# Vouchers



## Drikusw (20/6/18)

I received a voucher from my wife which she purchased online. Can anyone tell me if this Vape King voucher is only redeemable online or can I purchase in-store as well?

Thanks


----------



## Stosta (20/6/18)

Drikusw said:


> I received a voucher from my wife which she purchased online. Can anyone tell me if this Vape King voucher is only redeemable online or can I purchase in-store as well?
> 
> Thanks


Pretty sure you could go in-store to buy as well. When I last bought at VK I'm sure they used some sort of online profile for my purchase.

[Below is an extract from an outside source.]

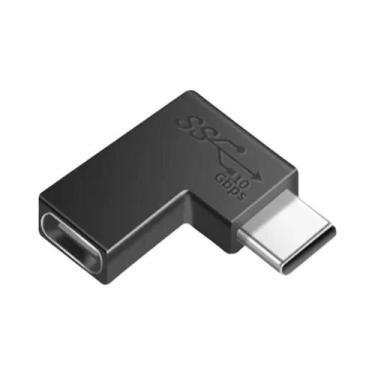 Imagem de Adaptador USB-C De Ângulo Reto 90 Graus Fêmea Para Macho 10Gbps Conect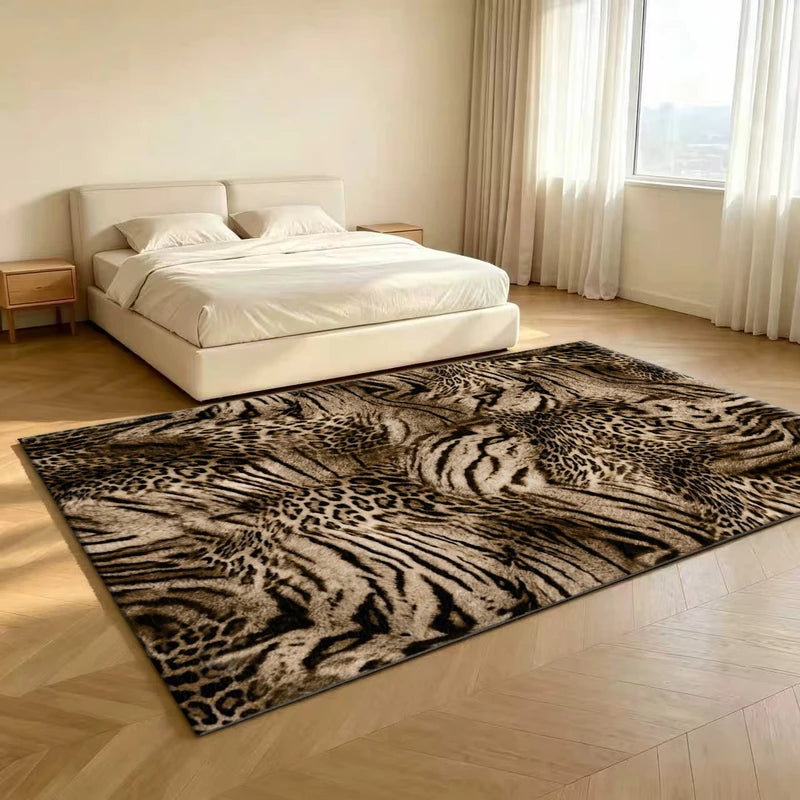 Animal Pattern Leopard Zebra Mix Area Rug Non-Slip Carpet for Living Room Bedroom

Tagging @Gizmo or @Stroodlepuff for assistance.

Reactions: Like 1


----------



## Drikusw (20/6/18)

Stosta said:


> Pretty sure you could go in-store to buy as well. When I last bought at VK I'm sure they used some sort of online profile for my purchase.
> 
> Tagging @Gizmo or @Stroodlepuff for assistance.


Thanks Stosta

Reactions: Like 1


----------



## Drikusw (25/6/18)

@Stroodlepuff 
@Gizmo 

Hi guys, could you please advise ?


----------



## Stroodlepuff (25/6/18)

Hi There

Sorry not sure how I missed this, unfortunately online vouchers are only redeemable online as not all the stores are internally owned

Reactions: Informative 1


----------



## Drikusw (25/6/18)

Stroodlepuff said:


> Hi There
> 
> Sorry not sure how I missed this, unfortunately online vouchers are only redeemable online as not all the stores are internally owned



Thanks for clarifying.


----------